One Su-34 seen in the footage has an array of red stars painted on its side, each of which reportedly represents 10 combat sorties. This would mean that the jet has flown 240 total combat sorties, though this apparently includes missions flown over Syria, according to TV Zvezda.

Kh-29T TV-guided air-to-surface missiles, as well as R-73 heat-seeking short-range air-to-air missiles, are seen in the clips, too.

The Polish Senate, the upper house of the country's Parliament, adopted a resolution today declaring the Russian government to be running a "terrorist state." The resolution included examples of credible reports of Russian war crimes and crimes against humanity, including torture, forced deportations of civilians, deliberate targeting of civilian areas, and more.

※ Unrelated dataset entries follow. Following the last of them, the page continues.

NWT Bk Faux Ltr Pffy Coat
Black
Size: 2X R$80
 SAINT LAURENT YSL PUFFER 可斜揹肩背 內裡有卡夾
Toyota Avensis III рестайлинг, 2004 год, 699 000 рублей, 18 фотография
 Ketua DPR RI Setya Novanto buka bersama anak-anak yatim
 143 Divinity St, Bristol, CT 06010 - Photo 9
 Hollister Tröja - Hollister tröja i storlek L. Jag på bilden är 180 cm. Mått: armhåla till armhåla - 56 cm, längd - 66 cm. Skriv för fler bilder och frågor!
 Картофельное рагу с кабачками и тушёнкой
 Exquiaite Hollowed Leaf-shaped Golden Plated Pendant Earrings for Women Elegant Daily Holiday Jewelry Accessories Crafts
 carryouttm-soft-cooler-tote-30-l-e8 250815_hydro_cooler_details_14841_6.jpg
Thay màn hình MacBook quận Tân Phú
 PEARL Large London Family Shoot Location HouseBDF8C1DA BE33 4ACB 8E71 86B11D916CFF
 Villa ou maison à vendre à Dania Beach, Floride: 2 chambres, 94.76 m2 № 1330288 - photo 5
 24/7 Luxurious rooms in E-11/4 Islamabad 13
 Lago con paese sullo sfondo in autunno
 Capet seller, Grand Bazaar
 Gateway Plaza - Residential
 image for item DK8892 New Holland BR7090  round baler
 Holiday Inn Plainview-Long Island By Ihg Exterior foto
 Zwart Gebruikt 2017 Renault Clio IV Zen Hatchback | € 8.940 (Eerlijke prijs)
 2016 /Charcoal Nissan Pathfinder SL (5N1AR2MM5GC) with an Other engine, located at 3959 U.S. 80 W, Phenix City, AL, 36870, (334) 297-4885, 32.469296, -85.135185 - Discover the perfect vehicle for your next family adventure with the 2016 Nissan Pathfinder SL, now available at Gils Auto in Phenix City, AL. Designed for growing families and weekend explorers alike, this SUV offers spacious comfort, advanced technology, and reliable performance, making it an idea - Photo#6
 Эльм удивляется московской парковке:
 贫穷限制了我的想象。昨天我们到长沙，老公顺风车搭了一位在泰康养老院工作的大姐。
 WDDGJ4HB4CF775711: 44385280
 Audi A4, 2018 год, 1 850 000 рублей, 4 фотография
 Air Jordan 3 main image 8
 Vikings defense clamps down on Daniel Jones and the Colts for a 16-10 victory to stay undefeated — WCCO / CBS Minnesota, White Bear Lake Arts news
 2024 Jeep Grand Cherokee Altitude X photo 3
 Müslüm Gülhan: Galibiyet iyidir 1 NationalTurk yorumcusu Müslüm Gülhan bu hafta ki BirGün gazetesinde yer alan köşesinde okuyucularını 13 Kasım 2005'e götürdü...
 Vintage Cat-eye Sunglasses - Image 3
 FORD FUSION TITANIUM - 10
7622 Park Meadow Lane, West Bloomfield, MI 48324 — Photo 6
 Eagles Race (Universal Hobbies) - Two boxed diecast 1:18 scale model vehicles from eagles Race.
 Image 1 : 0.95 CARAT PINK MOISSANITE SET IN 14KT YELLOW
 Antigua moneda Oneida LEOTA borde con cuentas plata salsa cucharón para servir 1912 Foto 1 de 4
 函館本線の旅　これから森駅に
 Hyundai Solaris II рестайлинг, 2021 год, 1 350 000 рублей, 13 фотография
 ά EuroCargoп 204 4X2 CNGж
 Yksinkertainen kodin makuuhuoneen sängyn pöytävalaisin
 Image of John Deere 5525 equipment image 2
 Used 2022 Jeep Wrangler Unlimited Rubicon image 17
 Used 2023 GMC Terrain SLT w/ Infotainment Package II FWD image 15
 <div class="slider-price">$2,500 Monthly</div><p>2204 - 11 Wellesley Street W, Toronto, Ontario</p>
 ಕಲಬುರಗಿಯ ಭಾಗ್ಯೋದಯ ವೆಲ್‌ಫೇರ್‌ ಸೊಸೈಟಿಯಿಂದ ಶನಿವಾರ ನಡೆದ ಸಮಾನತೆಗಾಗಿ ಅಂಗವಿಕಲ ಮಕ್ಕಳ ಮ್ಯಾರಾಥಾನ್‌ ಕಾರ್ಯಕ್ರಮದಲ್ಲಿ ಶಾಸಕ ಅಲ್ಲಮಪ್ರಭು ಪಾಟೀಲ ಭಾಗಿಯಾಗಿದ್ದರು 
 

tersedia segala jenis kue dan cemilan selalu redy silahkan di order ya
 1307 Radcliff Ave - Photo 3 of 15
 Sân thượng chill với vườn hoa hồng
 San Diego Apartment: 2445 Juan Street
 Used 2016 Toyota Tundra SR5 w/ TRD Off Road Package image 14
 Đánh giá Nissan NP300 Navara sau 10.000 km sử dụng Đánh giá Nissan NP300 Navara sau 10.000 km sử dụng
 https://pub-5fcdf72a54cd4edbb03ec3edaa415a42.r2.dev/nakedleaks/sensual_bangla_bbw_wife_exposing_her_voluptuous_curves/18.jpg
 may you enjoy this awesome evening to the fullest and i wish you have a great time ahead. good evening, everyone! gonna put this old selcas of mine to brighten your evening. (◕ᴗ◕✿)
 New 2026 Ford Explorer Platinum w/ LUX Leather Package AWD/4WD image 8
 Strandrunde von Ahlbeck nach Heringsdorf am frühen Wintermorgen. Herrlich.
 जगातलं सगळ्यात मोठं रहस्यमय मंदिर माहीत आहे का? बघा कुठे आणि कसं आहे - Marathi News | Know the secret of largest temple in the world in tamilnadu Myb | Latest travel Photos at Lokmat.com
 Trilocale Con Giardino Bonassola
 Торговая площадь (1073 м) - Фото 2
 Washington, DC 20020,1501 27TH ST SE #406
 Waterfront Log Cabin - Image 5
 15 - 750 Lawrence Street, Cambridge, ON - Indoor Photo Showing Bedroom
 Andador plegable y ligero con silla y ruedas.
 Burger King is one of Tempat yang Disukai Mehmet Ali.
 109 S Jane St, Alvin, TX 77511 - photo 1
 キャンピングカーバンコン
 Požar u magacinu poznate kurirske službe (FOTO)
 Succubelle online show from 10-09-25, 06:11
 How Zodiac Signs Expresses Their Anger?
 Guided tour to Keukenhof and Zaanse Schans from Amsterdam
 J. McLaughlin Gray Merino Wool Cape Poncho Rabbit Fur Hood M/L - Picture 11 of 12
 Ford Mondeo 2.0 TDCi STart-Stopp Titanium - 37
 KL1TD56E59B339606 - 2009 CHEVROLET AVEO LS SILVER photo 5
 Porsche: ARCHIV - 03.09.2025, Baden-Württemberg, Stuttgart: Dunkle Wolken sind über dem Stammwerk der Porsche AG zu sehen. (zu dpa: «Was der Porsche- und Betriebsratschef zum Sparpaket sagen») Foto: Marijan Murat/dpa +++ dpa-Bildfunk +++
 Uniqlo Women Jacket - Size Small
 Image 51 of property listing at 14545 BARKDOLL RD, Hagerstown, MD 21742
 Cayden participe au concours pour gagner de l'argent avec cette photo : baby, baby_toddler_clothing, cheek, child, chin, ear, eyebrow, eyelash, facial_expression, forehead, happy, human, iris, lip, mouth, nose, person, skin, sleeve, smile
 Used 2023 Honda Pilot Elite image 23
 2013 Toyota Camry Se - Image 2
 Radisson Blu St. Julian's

As Russian officials continue to claim, without evidence, that Ukraine is planning to detonate a dirty bomb on its own soil, NATO Secretary General Jens Stoltenberg said today that NATO allies “reject this transparently false allegation.” You can read more about these evidenceless accusations here.

“Russia often accuses others of what they intend to do themselves,” he said. “We have seen this pattern before. From Syria to Ukraine. Russia must not use false pretexts for further escalation. The world is watching closely."

Meanwhile, Russia’s ambassador to the U.K., Andrey Kelin, told CNN that “it is out of the question” that Russian President Vladimir Putin would order nuclear weapons deployed in Ukraine.

Hardline Russian television presenter Vladimir Solovyov, a frequent commentator on the war in Ukraine, which he actively supports, has made new statements framing the conflict as an existential issue for Russia. He also called for a full mobilization in Russia, to include its economy, as well as its armed forces, to help turn the tide of the war.

In Moscow, Russia's Federal Protective Service, or FSO, has launched an exercise overnight. The drill turned heads on social media since the FSO is charged with protecting senior government officials, including President Vladimir Putin, from terrorist attacks and other major contingencies.

However, there are no indications one way or another that this was primarily a "counter-coup" exercise as some have speculated. The FSO appears to have quietly announced that the drills were coming on Monday, saying in a statement that they would ostensibly focus on training related to "suppressing terrorist threats, extinguishing fires, providing emergency medical care, and detaining offenders."

We will continue to update this post until we state otherwise.